= WORK TO BE COMPLETED =
Transcribe word for word the section of the records below that opens with the line containing "Postale Faire-part Carte" and closes with the line containing "Rubellite Tourmaline Cockatoo"; drop every picture.

= INPUT =
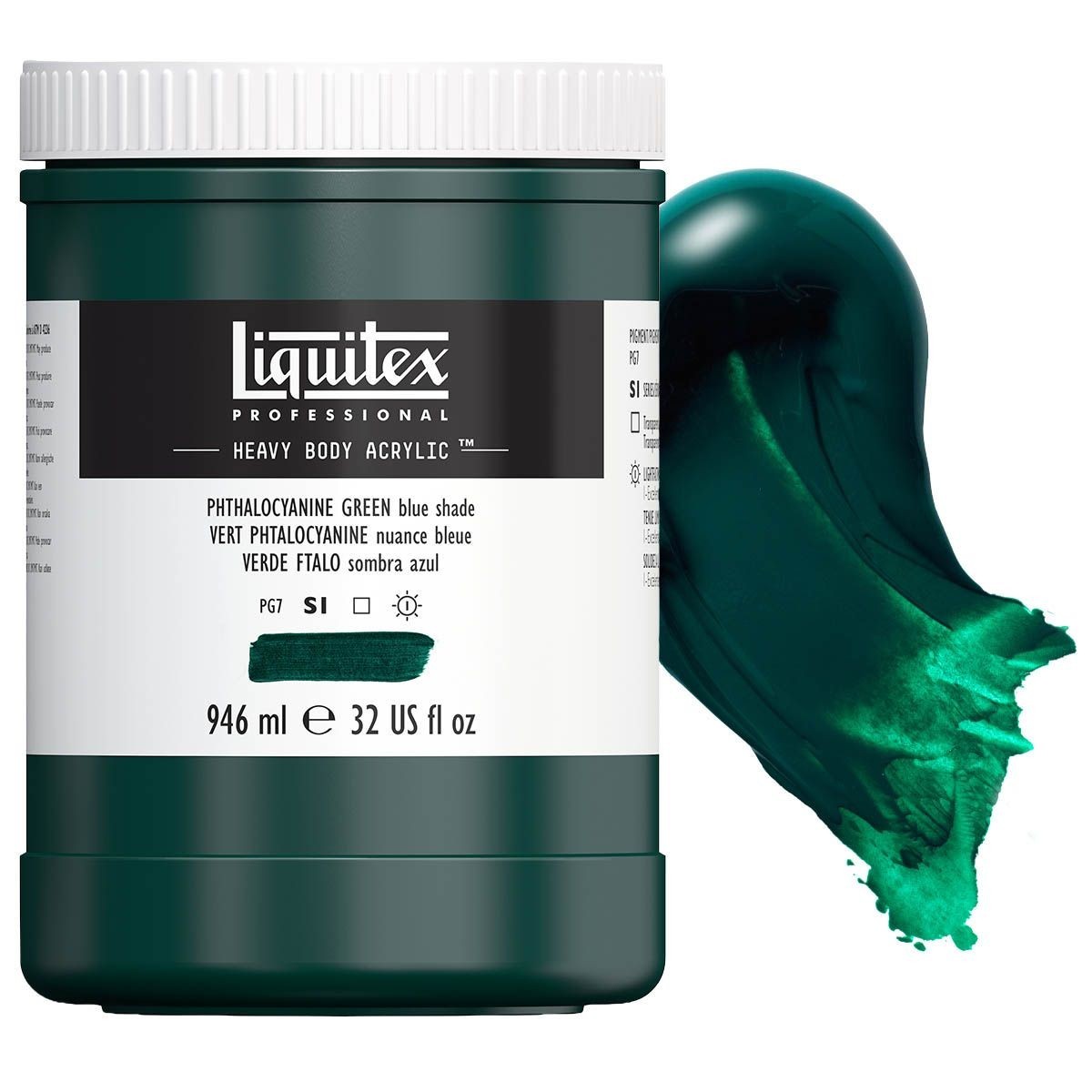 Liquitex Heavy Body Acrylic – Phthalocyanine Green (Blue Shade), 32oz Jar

...

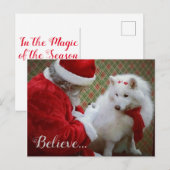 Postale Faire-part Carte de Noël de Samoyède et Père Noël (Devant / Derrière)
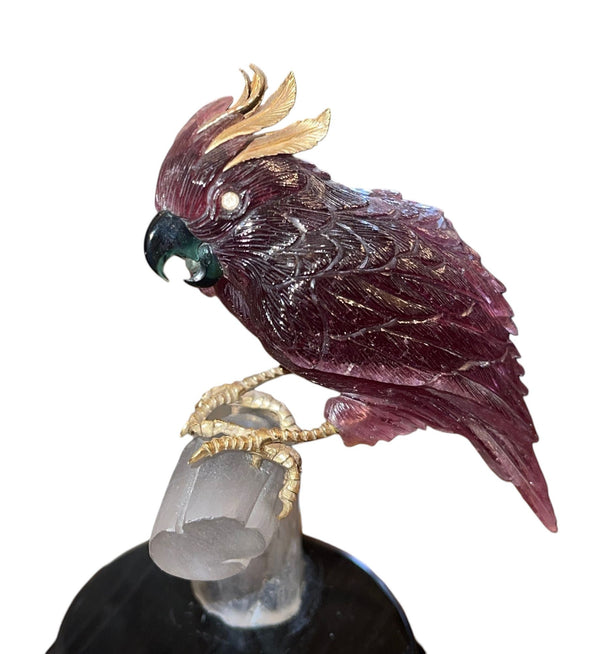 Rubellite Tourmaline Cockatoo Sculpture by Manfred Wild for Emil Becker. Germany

= RESULT OF THIS TASK =
 Postale Faire-part Carte de Noël de Samoyède et Père Noël (Devant / Derrière)
 Rubellite Tourmaline Cockatoo Sculpture by Manfred Wild for Emil Becker. Germany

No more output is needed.